Problem description
From the records below, please print only the lines from the one containing "peugeot-e-3008-2025-eletrico-0cc" through the one containing "More Photos Of", both included. Skip the pictures.

Entries supplied
---------------

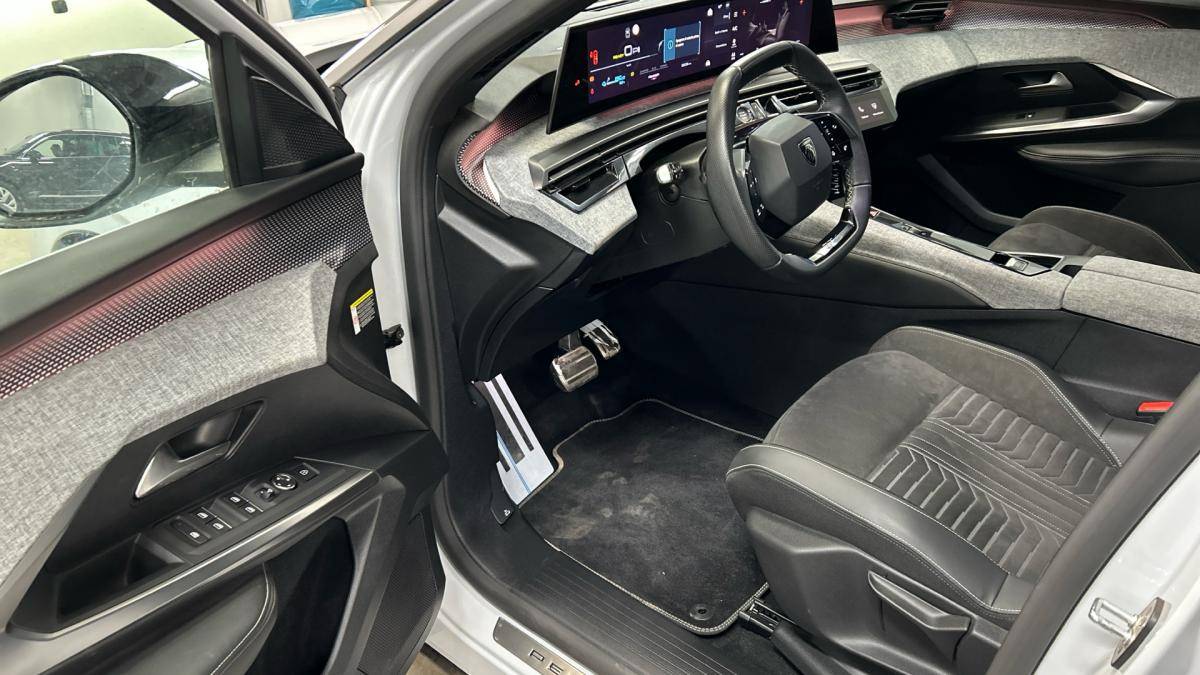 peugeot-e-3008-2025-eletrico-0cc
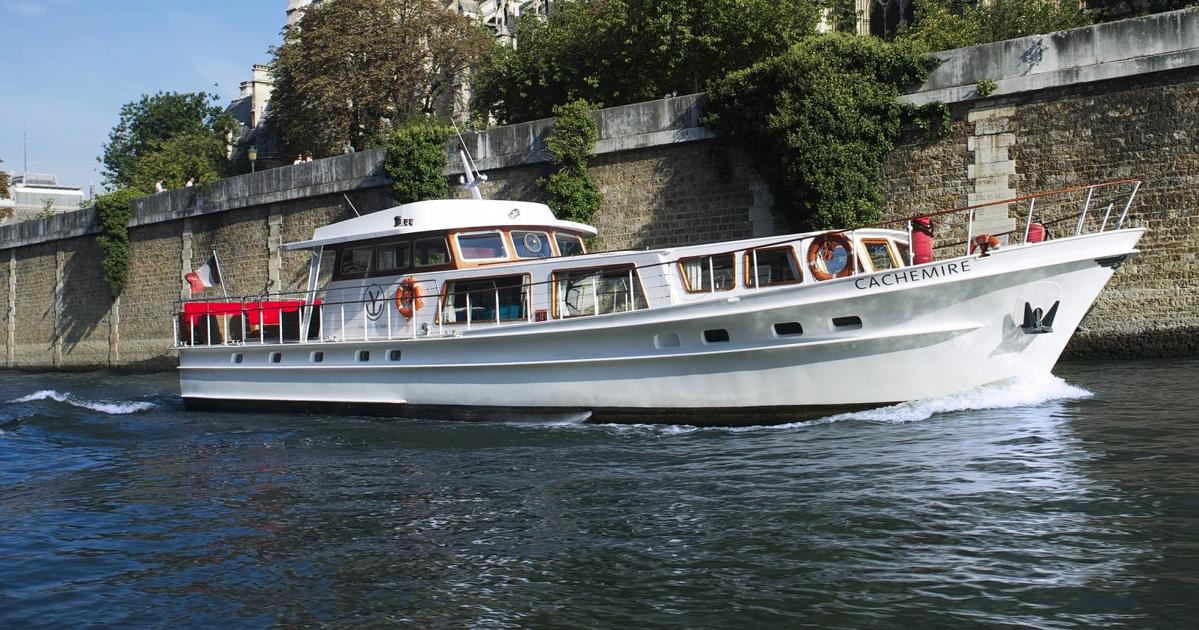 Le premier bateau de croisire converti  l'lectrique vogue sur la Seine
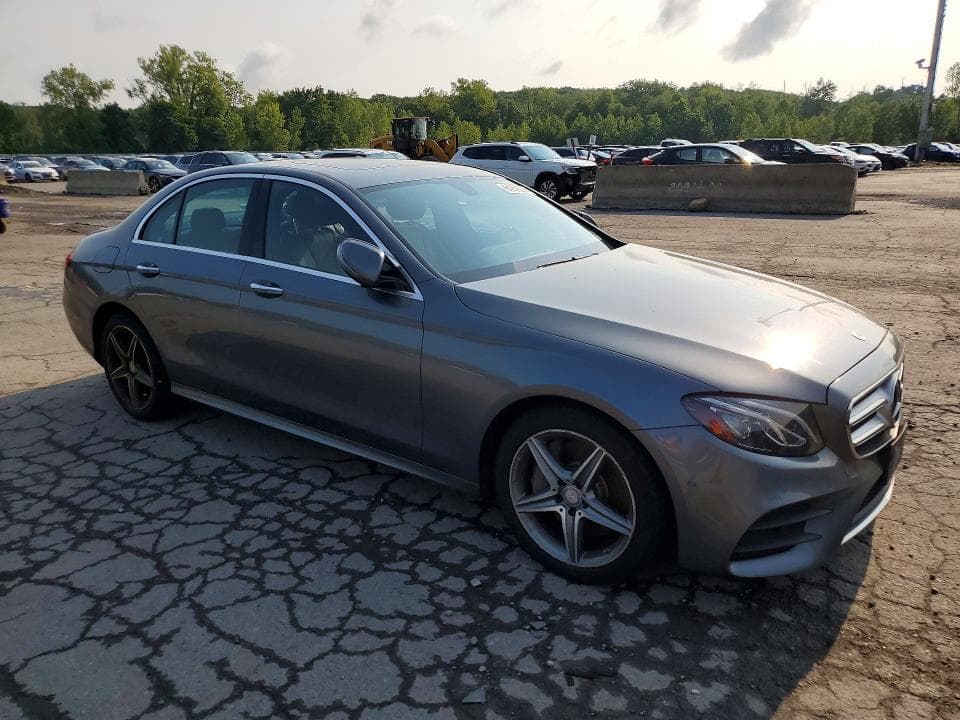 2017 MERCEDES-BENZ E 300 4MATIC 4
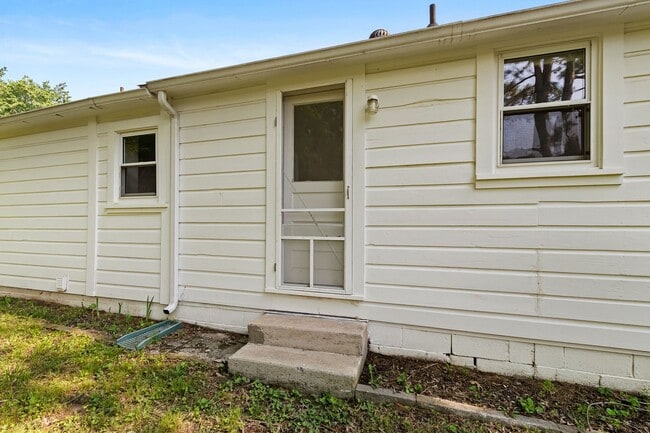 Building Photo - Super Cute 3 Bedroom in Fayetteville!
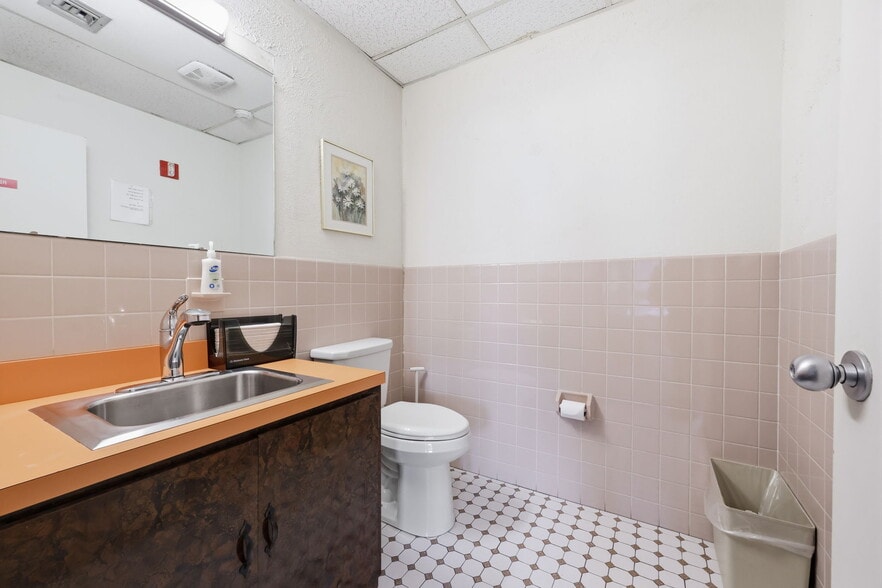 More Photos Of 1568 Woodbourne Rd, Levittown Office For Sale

---------------

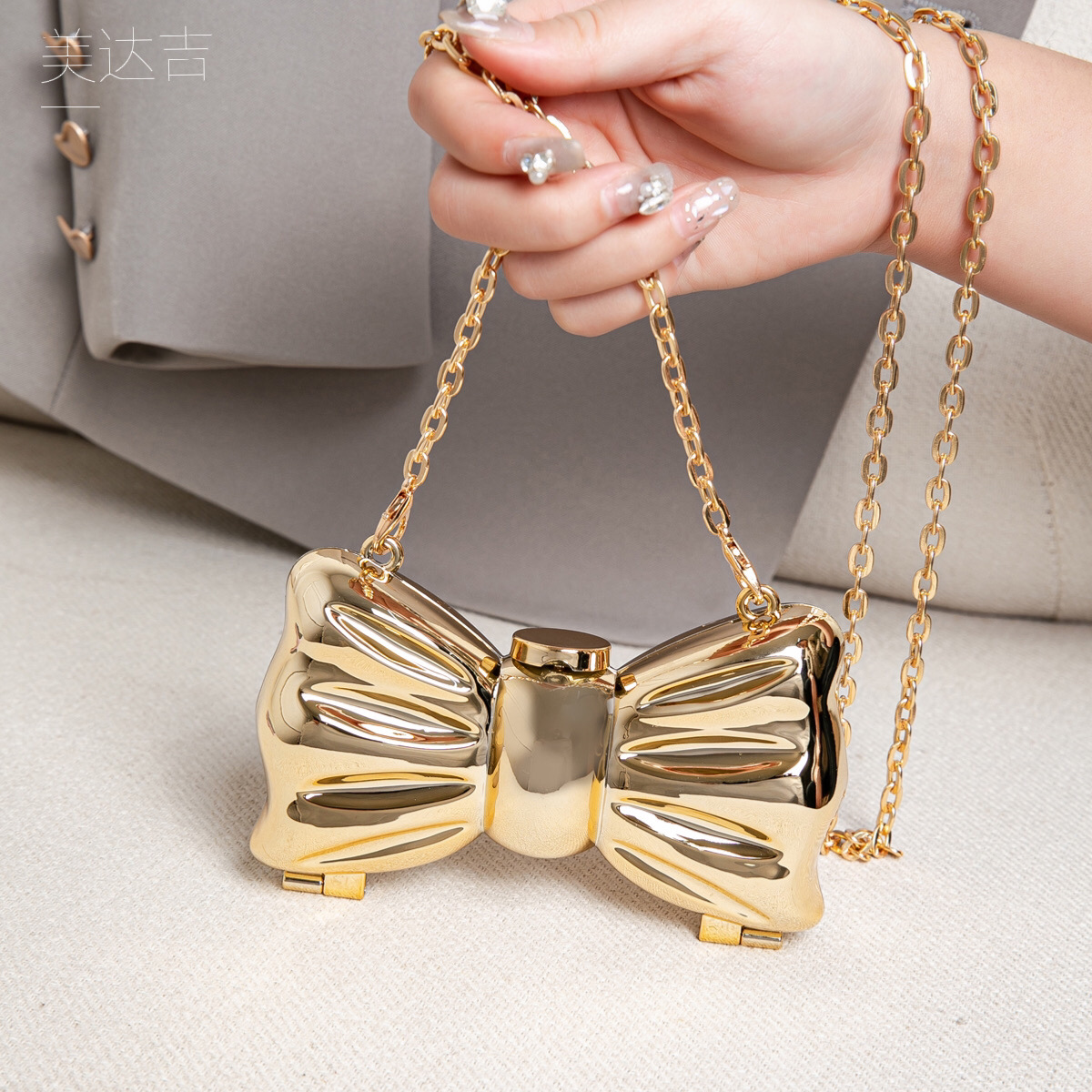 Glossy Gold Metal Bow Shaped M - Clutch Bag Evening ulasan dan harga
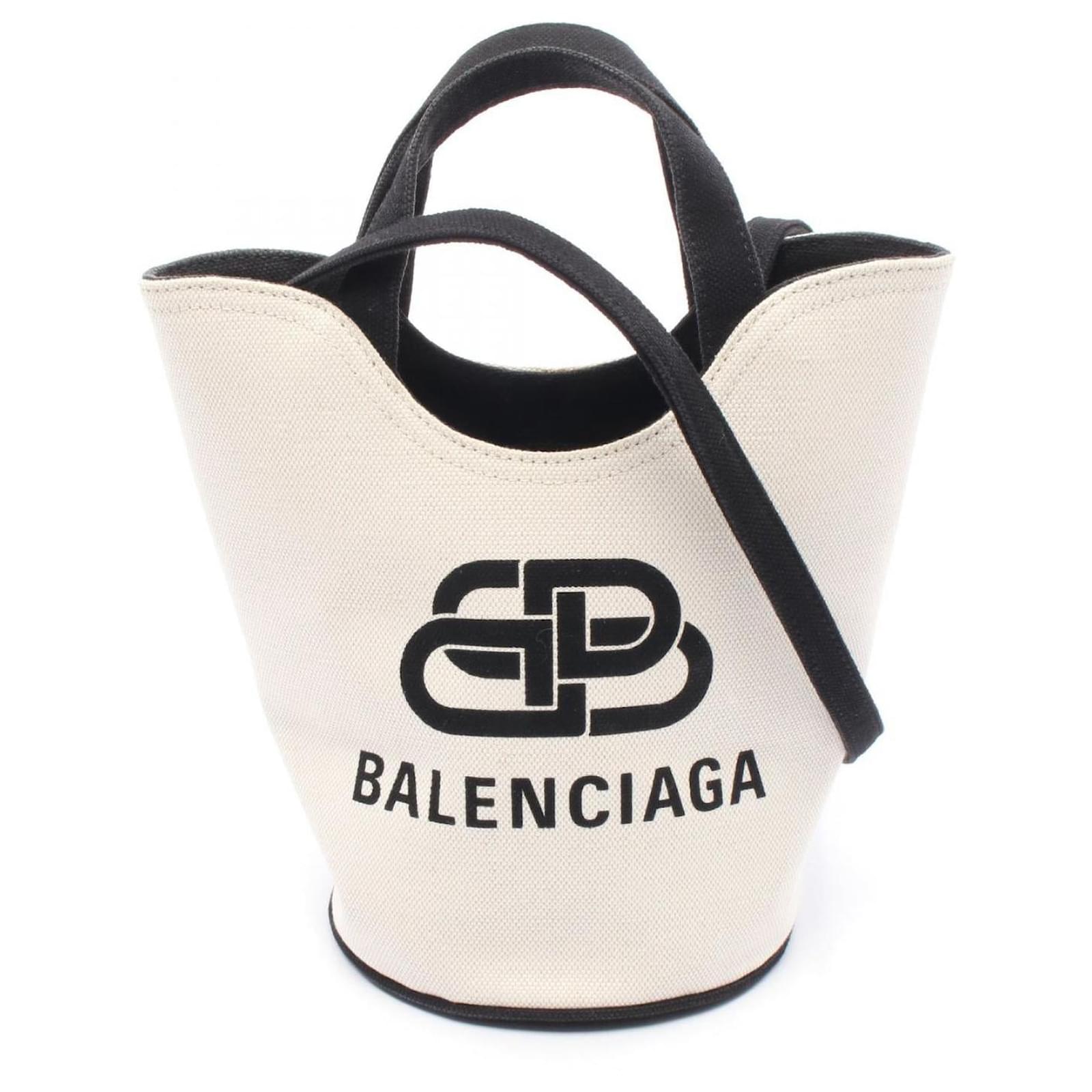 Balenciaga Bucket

---------------

Completed exercise
 peugeot-e-3008-2025-eletrico-0cc
 Le premier bateau de croisire converti  l'lectrique vogue sur la Seine
 2017 MERCEDES-BENZ E 300 4MATIC 4
 Building Photo - Super Cute 3 Bedroom in Fayetteville!
 More Photos Of 1568 Woodbourne Rd, Levittown Office For Sale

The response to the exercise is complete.